- **TASK ITEM**:
Copy, exactly as written, the lines that begin at the one containing "перед матчем с" and end at the one containing "Book cover for The Golden Slave". Skip any pictures in the data below.

- **GIVEN RECORDS**:
____

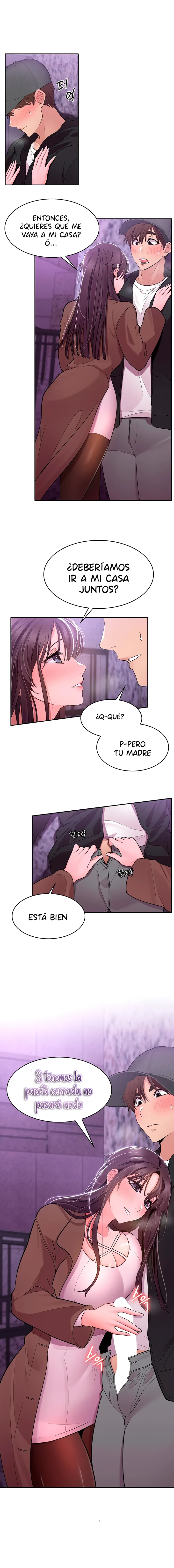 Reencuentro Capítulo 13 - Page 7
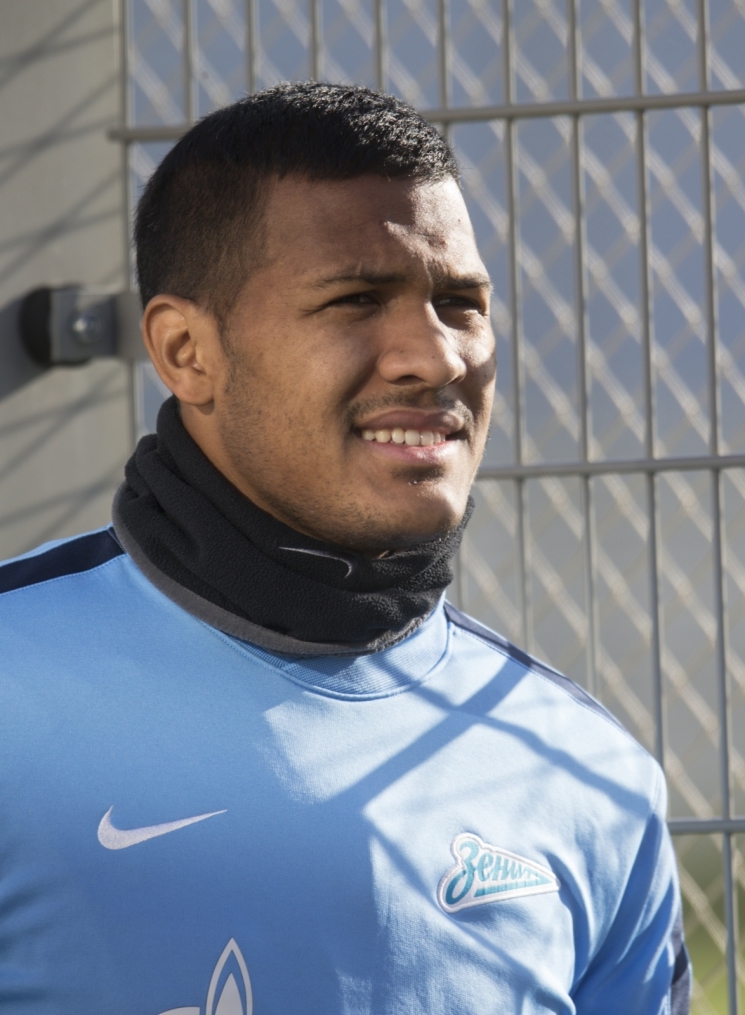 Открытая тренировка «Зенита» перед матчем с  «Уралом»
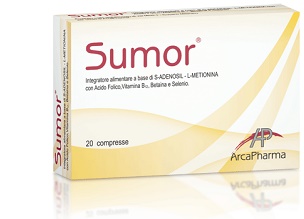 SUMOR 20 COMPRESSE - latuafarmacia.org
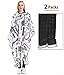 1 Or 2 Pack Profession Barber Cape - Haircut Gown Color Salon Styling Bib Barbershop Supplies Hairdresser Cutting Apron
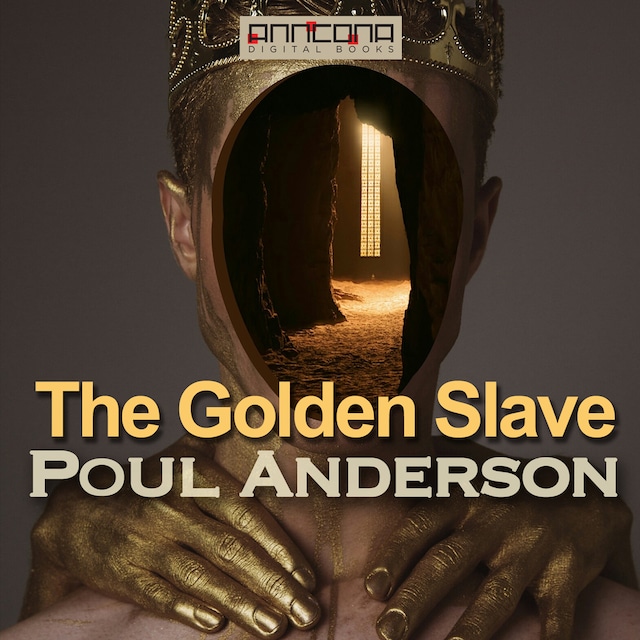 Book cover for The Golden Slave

____

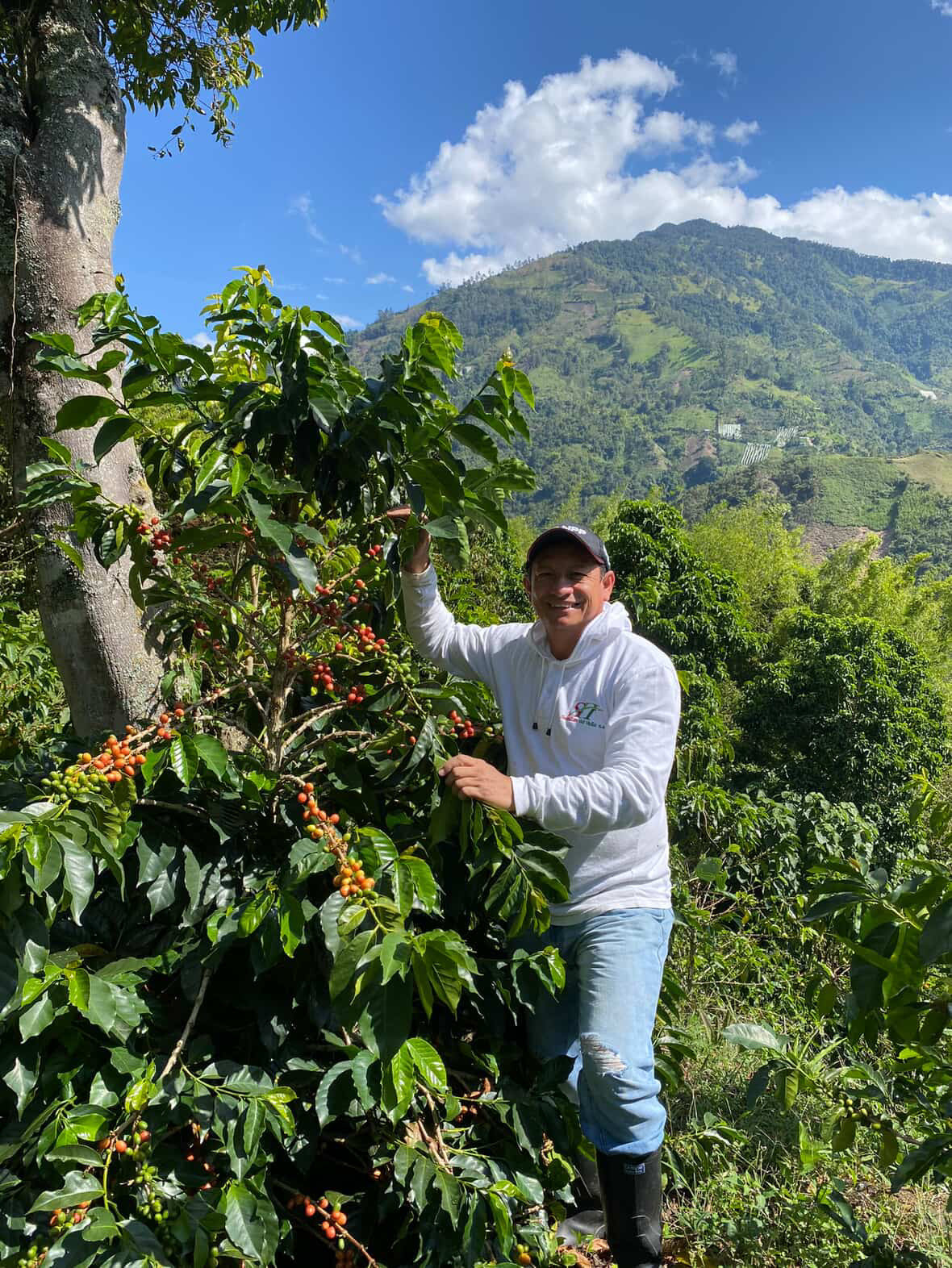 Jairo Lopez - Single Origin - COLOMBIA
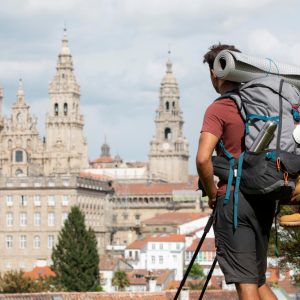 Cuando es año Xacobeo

____

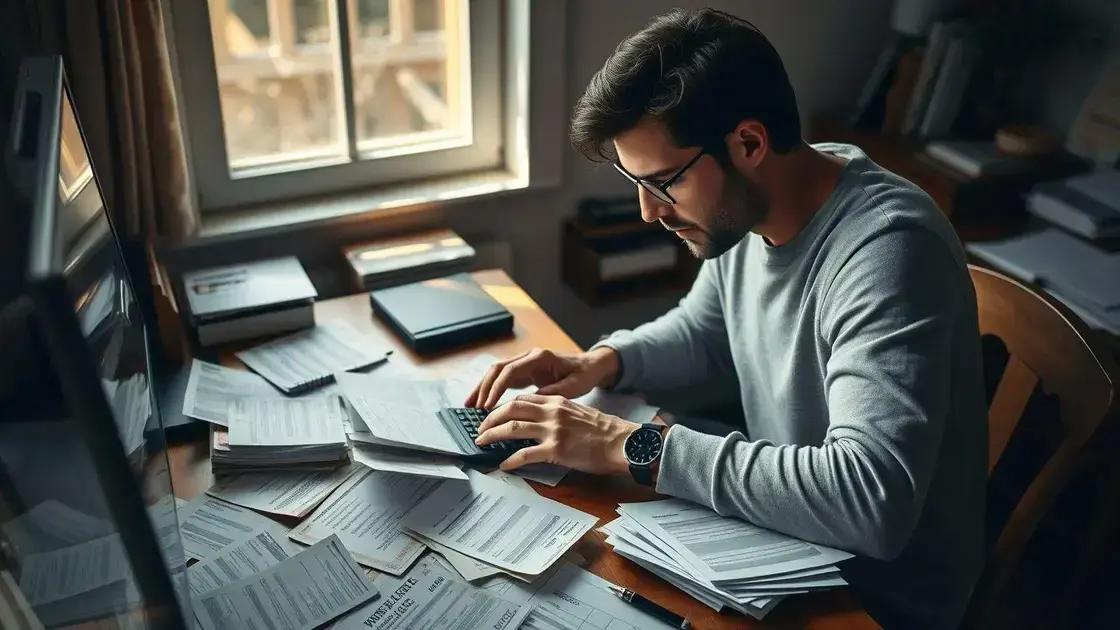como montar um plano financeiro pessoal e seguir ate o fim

____

- **ANSWER FOR THE TASK**:
 Открытая тренировка «Зенита» перед матчем с  «Уралом»
 SUMOR 20 COMPRESSE - latuafarmacia.org
 1 Or 2 Pack Profession Barber Cape - Haircut Gown Color Salon Styling Bib Barbershop Supplies Hairdresser Cutting Apron
 Book cover for The Golden Slave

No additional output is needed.